Kedua kata yang mengandung “babi” itu, semestinya tak boleh terjadi di negeri yang sudah mengaku sebagai negara demokrasi. Apa-apa yang menyangkut “B2” memang masih rawan dibicarakan, apalagi diterjemahkan dengan gaya bebas.
Meski yang terjadi harus disikapi dengan arif. Terlalu reaktif, berarti tujuan si pengirim kepala babi sampai. Sebab Tempo dikenal dengan dapur kata-kata, yang berani dan bergengsi, sudah bisa membaca, kemana arahnya. Publik menyerahkan bacaannya kepada Tempo tidak rasa tempe.
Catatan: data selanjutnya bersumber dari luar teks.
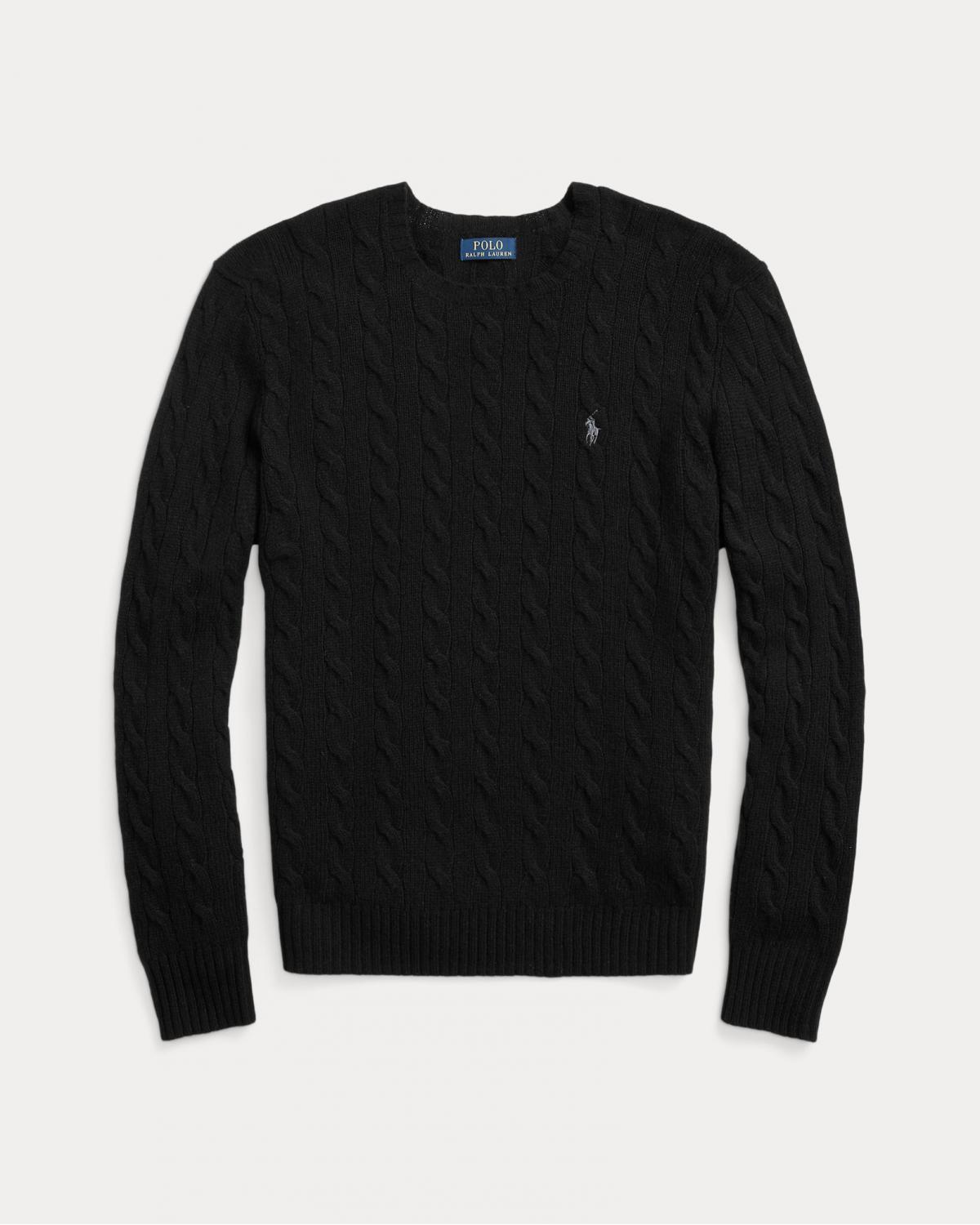 PULL COL ROND CABLE RALPH LAUREN NOIR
Sementara istilah “gentong babi” merujuk pada gentong, tong, wadah yang terbuat dari kayu untuk menyimpan dan mengawetkan daging babi asin. Lebih luas, Annie Duke dalam Quit (2022), menyebut politik gentong babi sebagai penggunaan dan pengalokasian dana publik, demi mendapat keuntungan politik, dengan mengalihkan anggaran pada keperluan politik.”
Menelisik kedua kasus yang sedang “hot” itu, sebaiknya diserahkan kepada yang berwenang, sambil diikuti, apakah performa aparat penegak hukum masih tetap prima, di tengah isu revisi undang-undangnya yang didemo mahasiswa dimana-mana.
Meski lezat dan nikmat “B2” itu mahal harganya di Indonesia. Dikenal memiliki varian yang luar biasa banyaknya, cuma belum tercium aromanya, apakah sudah masuk menjadi “menu” istana.
Ingat, “babi” ada dimana-mana. Berpotensi berebut sumberdaya manusia. “Olala!”